Records for the task:
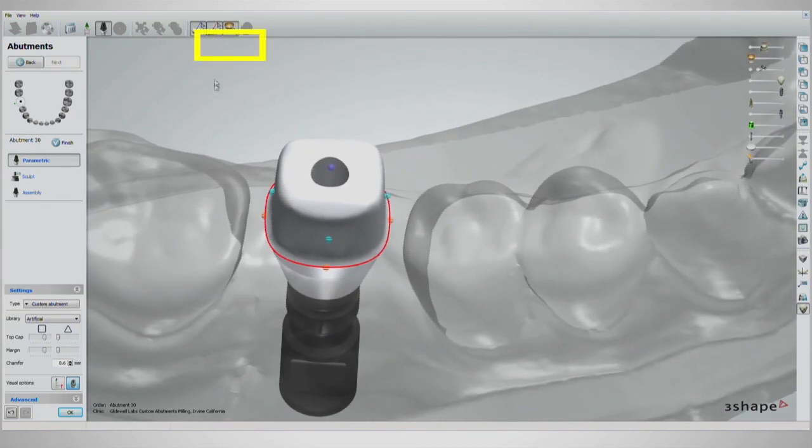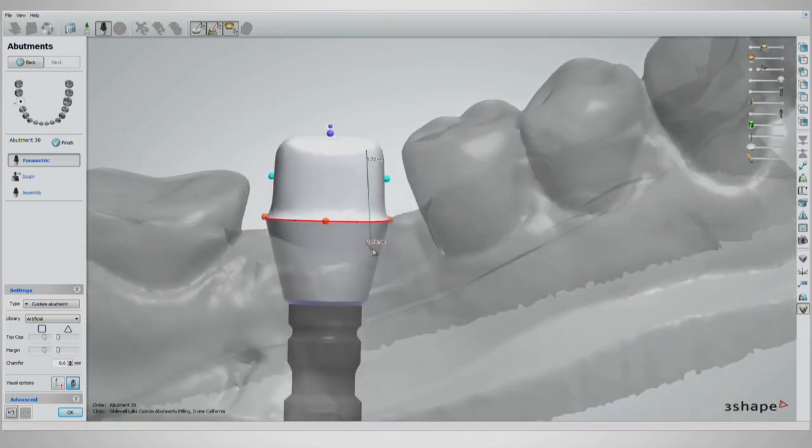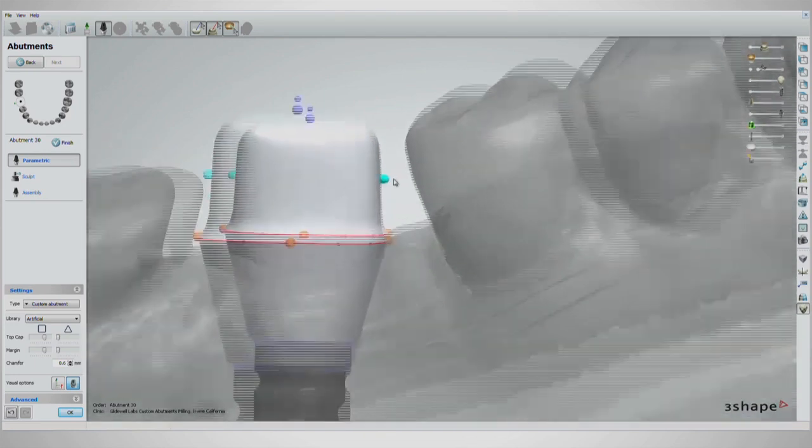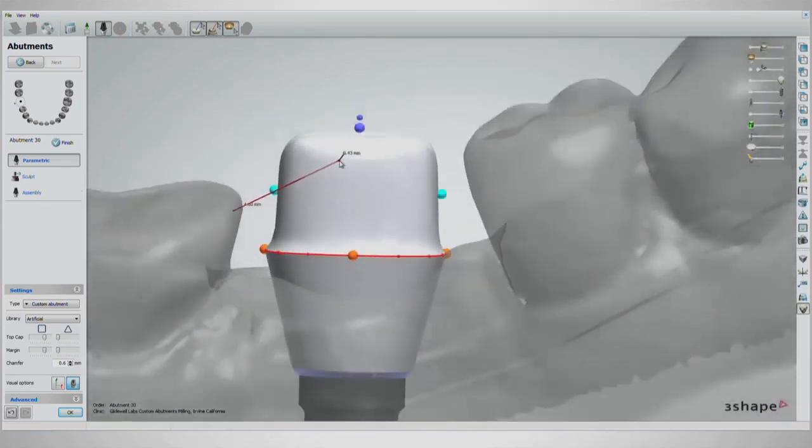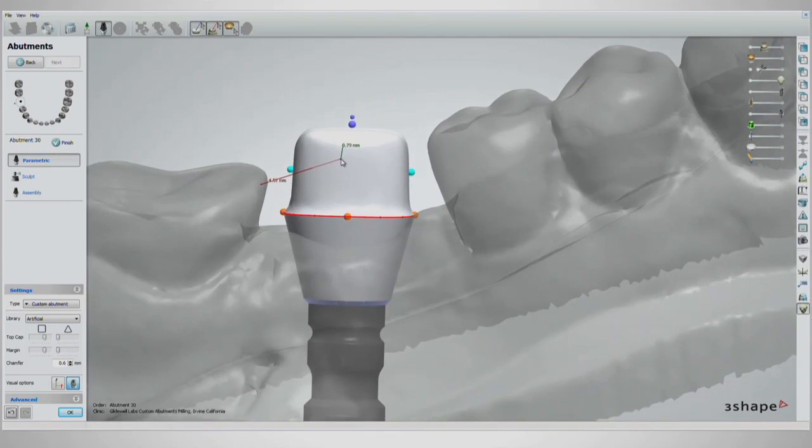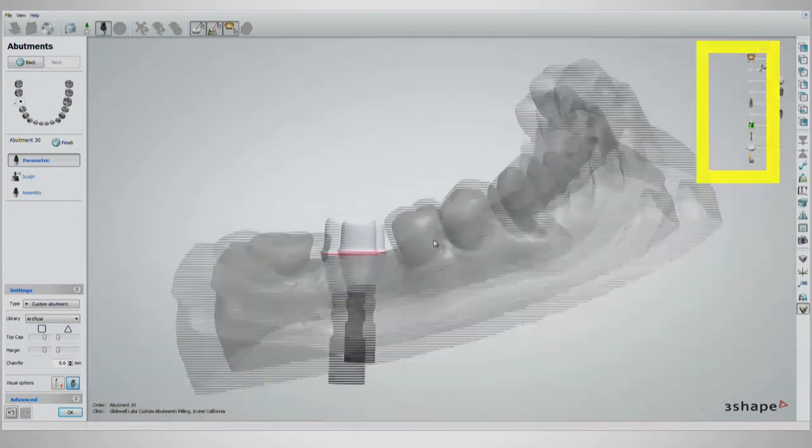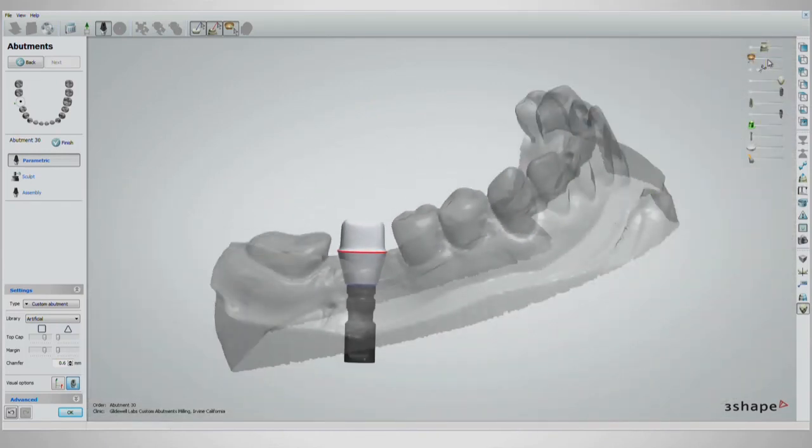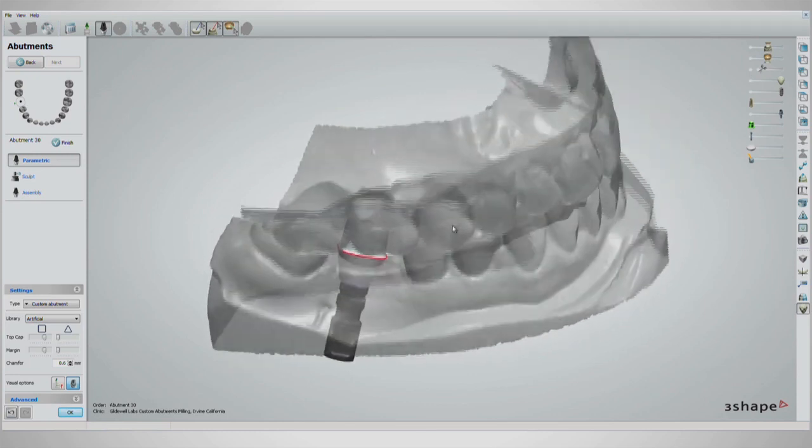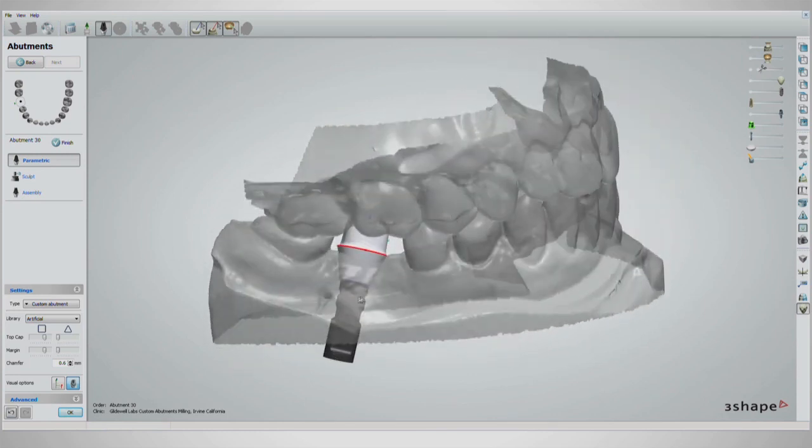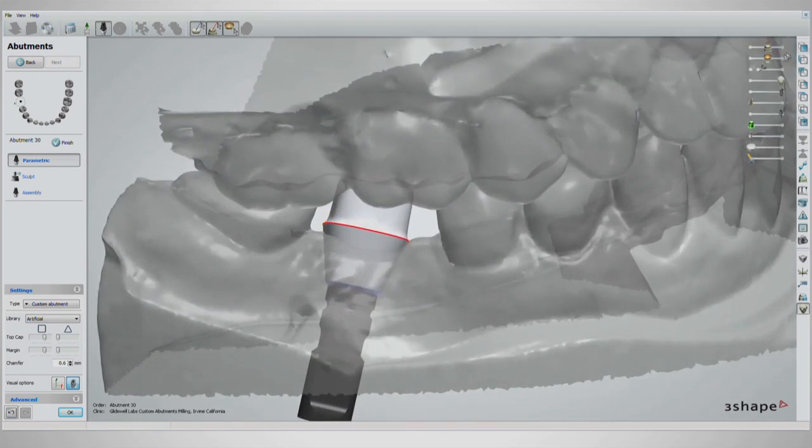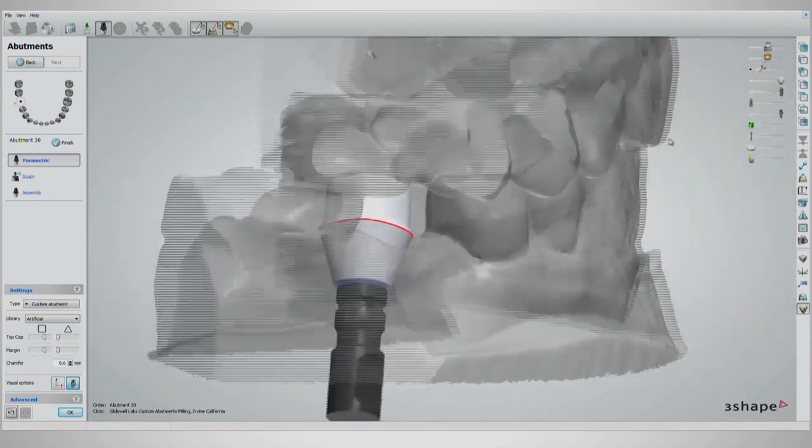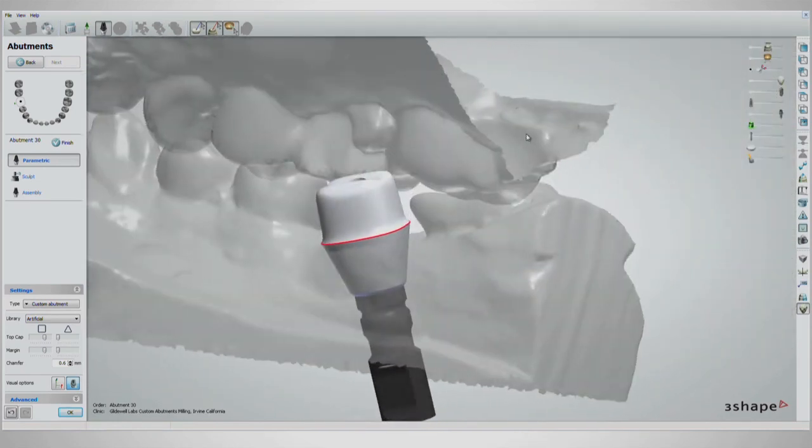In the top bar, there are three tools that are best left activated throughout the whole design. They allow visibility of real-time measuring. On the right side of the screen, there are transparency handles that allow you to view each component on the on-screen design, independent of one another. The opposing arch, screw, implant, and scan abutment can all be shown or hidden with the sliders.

==

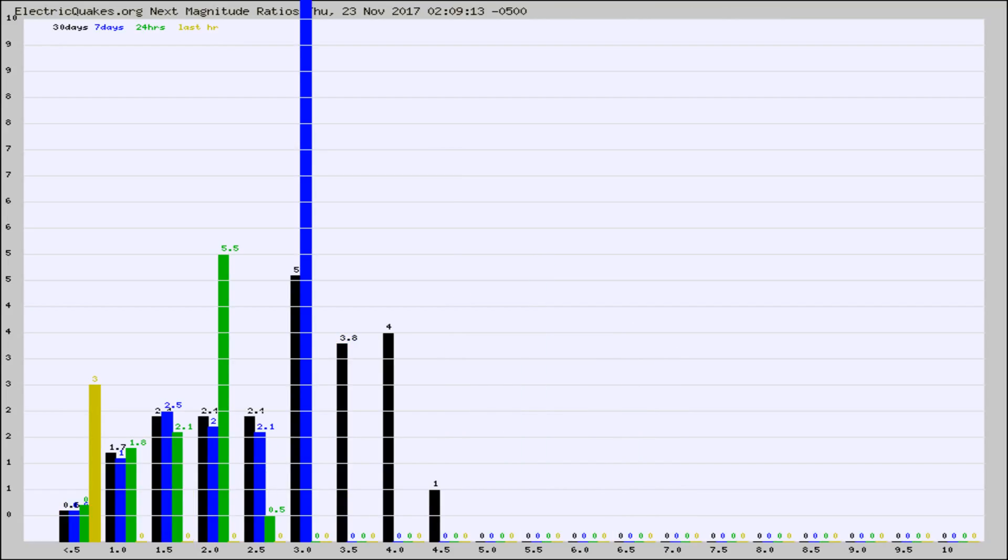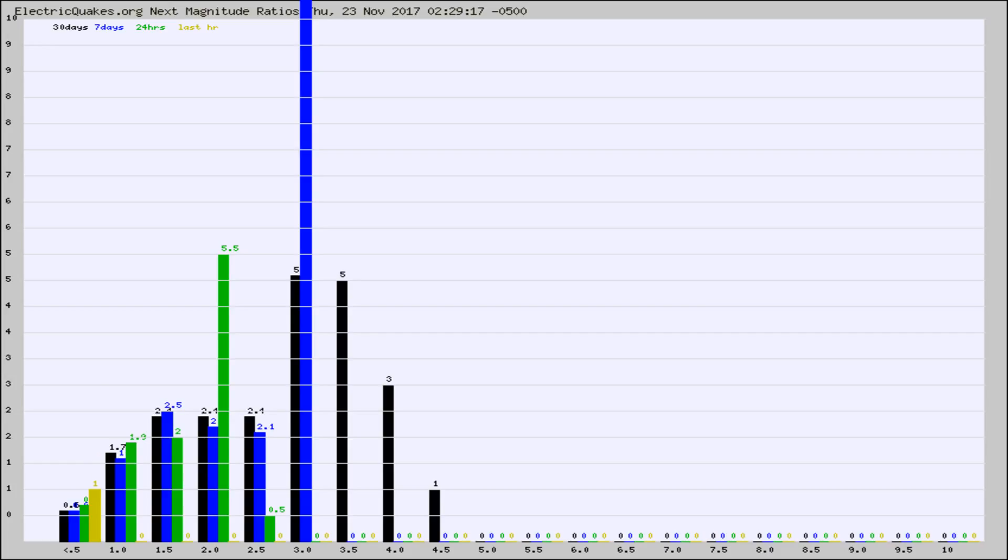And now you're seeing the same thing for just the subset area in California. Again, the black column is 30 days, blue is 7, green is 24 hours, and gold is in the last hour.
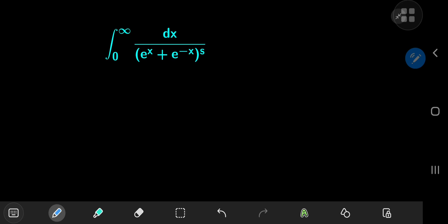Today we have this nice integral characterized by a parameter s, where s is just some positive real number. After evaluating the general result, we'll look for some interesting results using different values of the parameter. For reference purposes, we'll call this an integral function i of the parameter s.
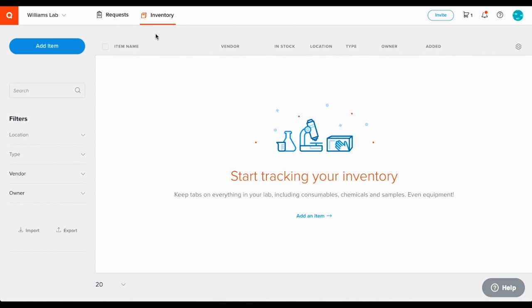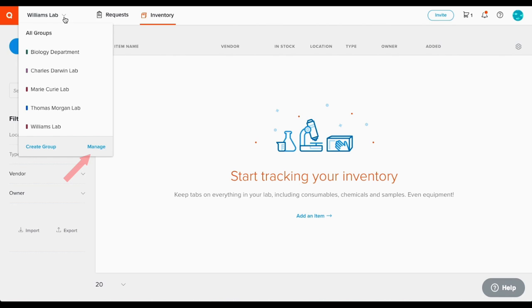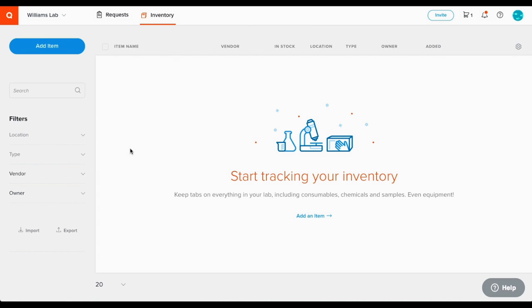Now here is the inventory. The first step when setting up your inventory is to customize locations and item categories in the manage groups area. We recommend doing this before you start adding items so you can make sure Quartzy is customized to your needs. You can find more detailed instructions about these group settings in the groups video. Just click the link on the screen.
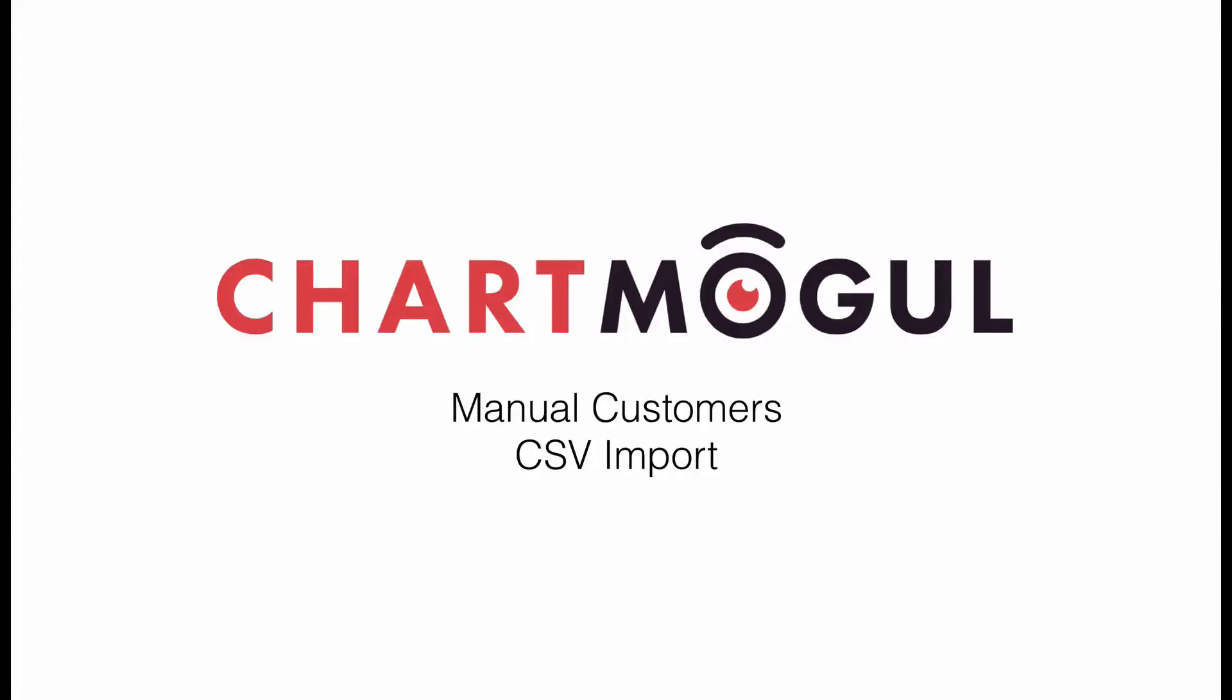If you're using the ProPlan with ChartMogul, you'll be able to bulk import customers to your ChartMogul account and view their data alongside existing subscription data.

* * *

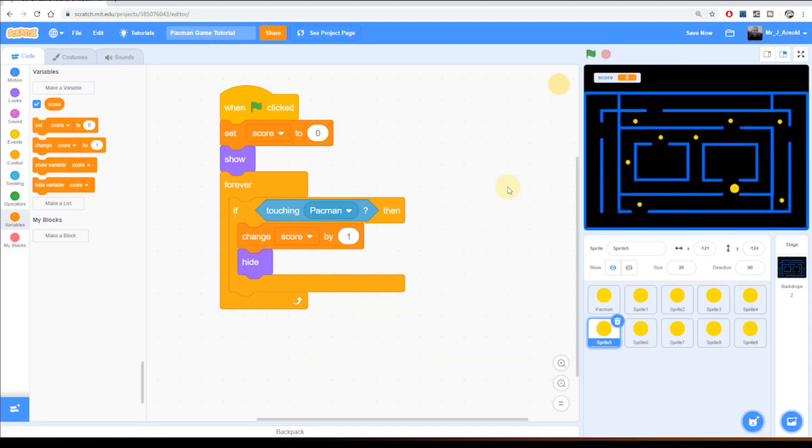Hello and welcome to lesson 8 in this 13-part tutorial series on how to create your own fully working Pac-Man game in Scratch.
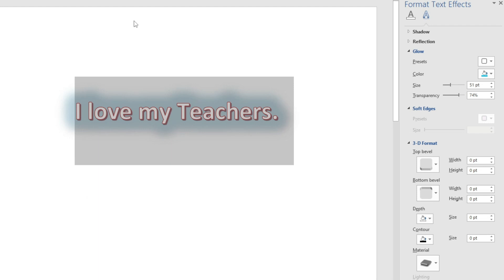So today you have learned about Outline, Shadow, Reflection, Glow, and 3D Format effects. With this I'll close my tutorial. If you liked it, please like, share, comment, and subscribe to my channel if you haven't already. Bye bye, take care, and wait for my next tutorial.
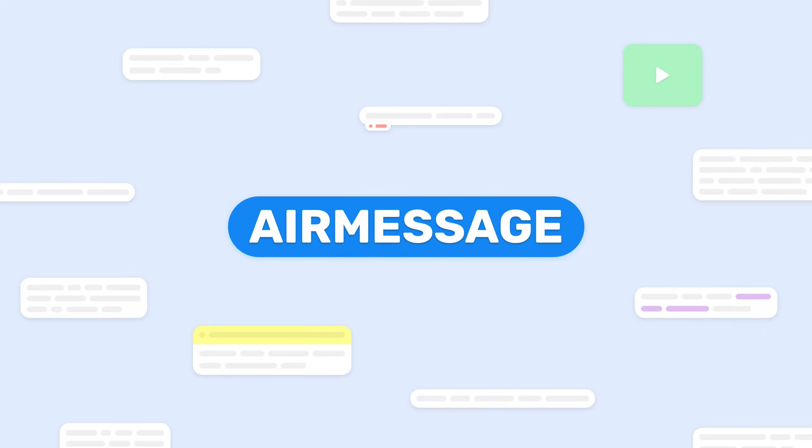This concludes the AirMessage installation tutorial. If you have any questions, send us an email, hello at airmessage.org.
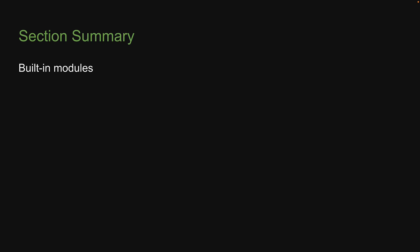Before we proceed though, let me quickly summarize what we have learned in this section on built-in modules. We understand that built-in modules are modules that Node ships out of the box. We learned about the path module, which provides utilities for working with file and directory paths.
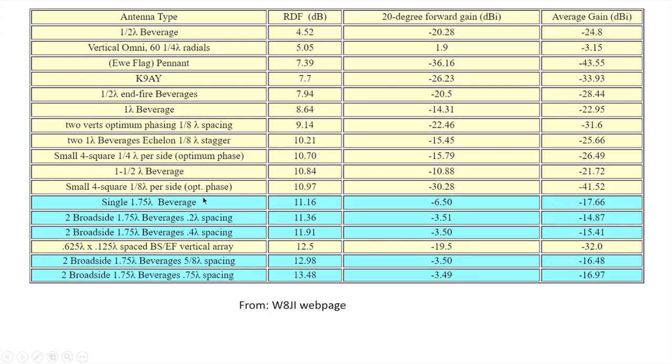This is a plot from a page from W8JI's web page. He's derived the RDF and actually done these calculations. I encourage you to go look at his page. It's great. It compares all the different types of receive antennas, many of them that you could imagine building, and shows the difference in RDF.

Task description:
Look above for the line with "This concludes the" and the line with "This is a plot", then copy exactly the lines from the first through the second, both kept, with no pictures.

Result below:
This concludes the AirMessage installation tutorial. If you have any questions, send us an email, hello at airmessage.org.
Before we proceed though, let me quickly summarize what we have learned in this section on built-in modules. We understand that built-in modules are modules that Node ships out of the box. We learned about the path module, which provides utilities for working with file and directory paths.
This is a plot from a page from W8JI's web page. He's derived the RDF and actually done these calculations. I encourage you to go look at his page. It's great. It compares all the different types of receive antennas, many of them that you could imagine building, and shows the difference in RDF.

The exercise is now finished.